Exercise directions ▸
Your answer must be the lines of the entries below, exactly as written, from the first line through the line containing "café colombiano 1".

### Data to use

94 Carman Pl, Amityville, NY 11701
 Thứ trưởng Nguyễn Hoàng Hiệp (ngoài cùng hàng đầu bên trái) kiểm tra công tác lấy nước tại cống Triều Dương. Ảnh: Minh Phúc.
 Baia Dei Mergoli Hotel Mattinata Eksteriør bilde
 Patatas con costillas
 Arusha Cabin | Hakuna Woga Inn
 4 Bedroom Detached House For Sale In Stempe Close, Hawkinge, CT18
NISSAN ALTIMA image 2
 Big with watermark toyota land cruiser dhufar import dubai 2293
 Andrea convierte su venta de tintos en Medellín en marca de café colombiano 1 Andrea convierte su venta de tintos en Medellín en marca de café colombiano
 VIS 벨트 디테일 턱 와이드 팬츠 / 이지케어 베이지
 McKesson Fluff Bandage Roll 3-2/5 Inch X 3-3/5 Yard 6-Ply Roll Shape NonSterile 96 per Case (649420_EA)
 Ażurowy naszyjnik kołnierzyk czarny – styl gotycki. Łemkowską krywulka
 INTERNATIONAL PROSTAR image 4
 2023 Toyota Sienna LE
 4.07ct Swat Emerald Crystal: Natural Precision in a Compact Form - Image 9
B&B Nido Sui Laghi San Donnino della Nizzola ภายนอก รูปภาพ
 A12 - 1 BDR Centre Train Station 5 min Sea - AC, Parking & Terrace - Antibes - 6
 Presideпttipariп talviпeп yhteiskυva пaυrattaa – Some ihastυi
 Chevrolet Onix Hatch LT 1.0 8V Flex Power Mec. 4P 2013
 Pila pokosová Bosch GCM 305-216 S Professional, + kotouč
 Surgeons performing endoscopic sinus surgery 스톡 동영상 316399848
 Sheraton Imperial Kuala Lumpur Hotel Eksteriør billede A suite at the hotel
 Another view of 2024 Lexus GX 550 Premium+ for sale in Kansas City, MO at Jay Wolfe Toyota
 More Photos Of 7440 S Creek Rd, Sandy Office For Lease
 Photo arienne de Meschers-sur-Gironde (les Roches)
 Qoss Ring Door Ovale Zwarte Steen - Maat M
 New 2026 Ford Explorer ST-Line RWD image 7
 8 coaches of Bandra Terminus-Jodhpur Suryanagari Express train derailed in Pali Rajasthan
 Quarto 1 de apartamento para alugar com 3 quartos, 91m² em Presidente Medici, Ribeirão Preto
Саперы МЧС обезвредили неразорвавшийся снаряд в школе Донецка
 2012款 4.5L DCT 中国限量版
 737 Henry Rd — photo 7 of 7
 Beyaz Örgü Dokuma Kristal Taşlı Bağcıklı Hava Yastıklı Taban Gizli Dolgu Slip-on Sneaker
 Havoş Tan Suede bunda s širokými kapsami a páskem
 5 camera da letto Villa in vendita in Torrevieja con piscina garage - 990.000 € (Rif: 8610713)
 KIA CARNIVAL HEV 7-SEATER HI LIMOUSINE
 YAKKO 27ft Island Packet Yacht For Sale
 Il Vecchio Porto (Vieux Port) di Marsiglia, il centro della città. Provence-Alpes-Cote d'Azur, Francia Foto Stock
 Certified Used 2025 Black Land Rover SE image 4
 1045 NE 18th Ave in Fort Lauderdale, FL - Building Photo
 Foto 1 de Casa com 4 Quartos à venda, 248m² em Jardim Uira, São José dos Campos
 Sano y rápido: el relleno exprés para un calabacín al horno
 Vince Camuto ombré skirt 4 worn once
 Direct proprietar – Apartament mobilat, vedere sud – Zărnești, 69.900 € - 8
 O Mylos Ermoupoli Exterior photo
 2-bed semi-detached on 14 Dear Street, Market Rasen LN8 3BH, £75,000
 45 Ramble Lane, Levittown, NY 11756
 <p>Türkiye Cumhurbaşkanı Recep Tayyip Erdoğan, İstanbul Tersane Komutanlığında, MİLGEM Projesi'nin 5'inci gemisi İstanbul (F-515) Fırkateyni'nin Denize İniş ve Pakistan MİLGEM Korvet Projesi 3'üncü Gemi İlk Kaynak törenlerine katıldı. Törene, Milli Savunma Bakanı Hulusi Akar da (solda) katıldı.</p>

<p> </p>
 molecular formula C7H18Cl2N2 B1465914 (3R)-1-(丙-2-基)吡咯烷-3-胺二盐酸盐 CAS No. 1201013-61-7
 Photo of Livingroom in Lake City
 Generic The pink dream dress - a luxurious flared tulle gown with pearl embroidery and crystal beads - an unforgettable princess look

######

Answer to this exercise ▸
94 Carman Pl, Amityville, NY 11701
 Thứ trưởng Nguyễn Hoàng Hiệp (ngoài cùng hàng đầu bên trái) kiểm tra công tác lấy nước tại cống Triều Dương. Ảnh: Minh Phúc.
 Baia Dei Mergoli Hotel Mattinata Eksteriør bilde
 Patatas con costillas
 Arusha Cabin | Hakuna Woga Inn
 4 Bedroom Detached House For Sale In Stempe Close, Hawkinge, CT18
NISSAN ALTIMA image 2
 Big with watermark toyota land cruiser dhufar import dubai 2293
 Andrea convierte su venta de tintos en Medellín en marca de café colombiano 1 Andrea convierte su venta de tintos en Medellín en marca de café colombiano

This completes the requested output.